The film industry has supported Zegers’s decision, giving him the coveted Chopard Trophy at the 2006 Cannes Film Festival and numerous Young Artists Awards. But what Zegers would probably appreciate the most is knowing what his former teacher thinks of the choices he’s made along the way. “I see him in amazing movies like Transamerica and I am so impressed by his acting ability,” says Renaud. “It’s not because I know him; it’s because he’s very, very good.”

As the years go by, the friendship between Renaud and Zegers has remained in tact. In fact, the actor recently drove several hours to meet up with Renaud in Guelph, so that they could play a round of golf.

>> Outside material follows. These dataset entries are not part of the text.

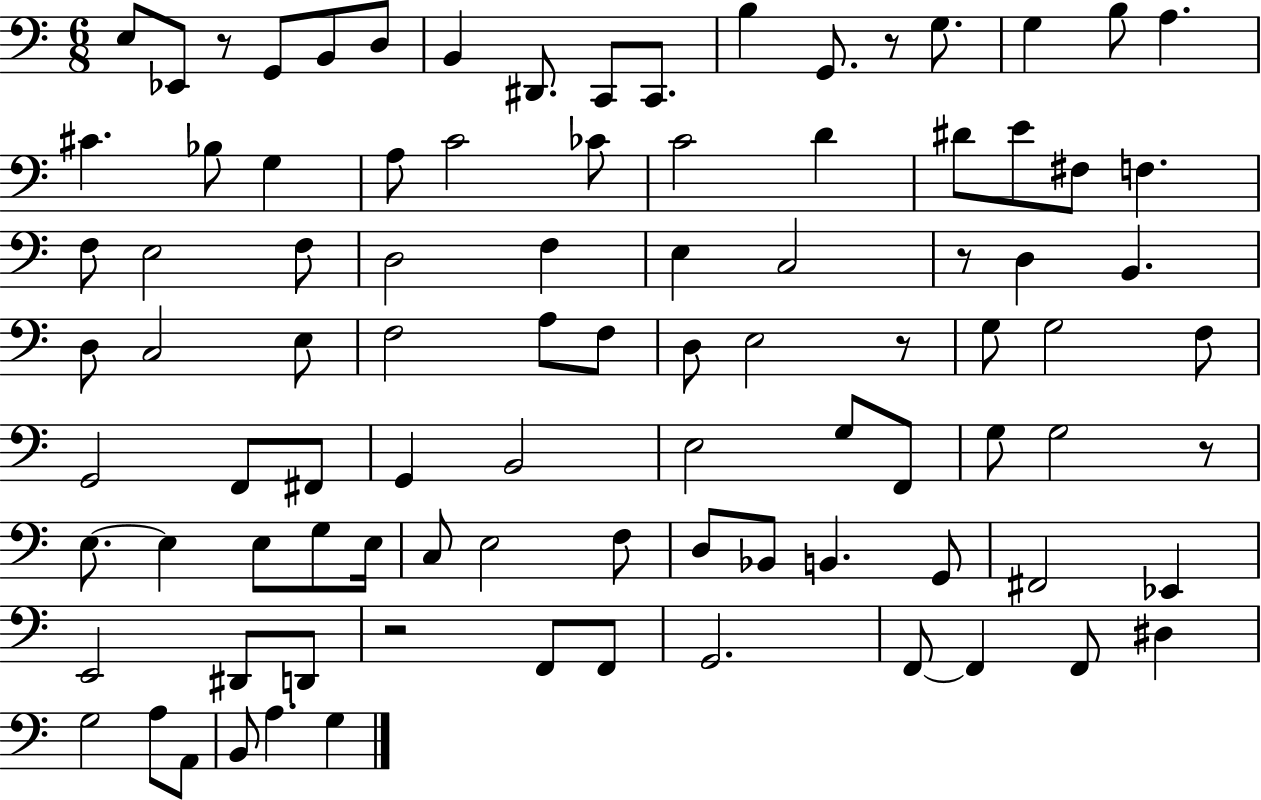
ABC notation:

X:1
T:Untitled
M:6/8
L:1/4
K:C
E,/2 _E,,/2 z/2 G,,/2 B,,/2 D,/2 B,, ^D,,/2 C,,/2 C,,/2 B, G,,/2 z/2 G,/2 G, B,/2 A, ^C _B,/2 G, A,/2 C2 _C/2 C2 D ^D/2 E/2 ^F,/2 F, F,/2 E,2 F,/2 D,2 F, E, C,2 z/2 D, B,, D,/2 C,2 E,/2 F,2 A,/2 F,/2 D,/2 E,2 z/2 G,/2 G,2 F,/2 G,,2 F,,/2 ^F,,/2 G,, B,,2 E,2 G,/2 F,,/2 G,/2 G,2 z/2 E,/2 E, E,/2 G,/2 E,/4 C,/2 E,2 F,/2 D,/2 _B,,/2 B,, G,,/2 ^F,,2 _E,, E,,2 ^D,,/2 D,,/2 z2 F,,/2 F,,/2 G,,2 F,,/2 F,, F,,/2 ^D, G,2 A,/2 A,,/2 B,,/2 A, G,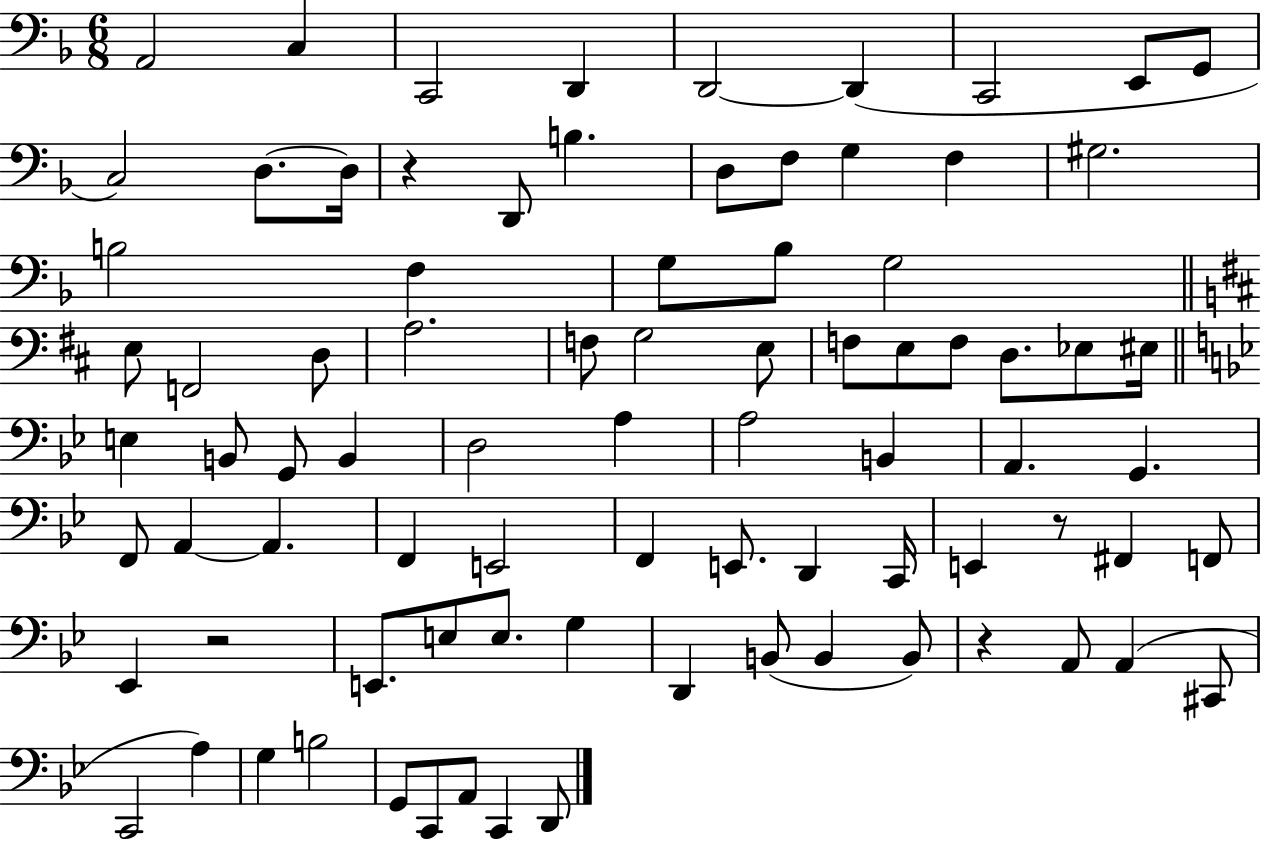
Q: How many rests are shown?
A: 4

This is just one example of Renaud’s long-term involvement as a teacher. “I always want to find out how my students’ lives have turned out,” he says. “I think they know that I truly care about them, even long after they leave my classroom.

And that fits perfectly with the way Zegers remembers Renaud.

“They say that if you’re lucky, you’ll have one teacher who will always stick out in your memory. For me, that was Luc. He was born to teach.”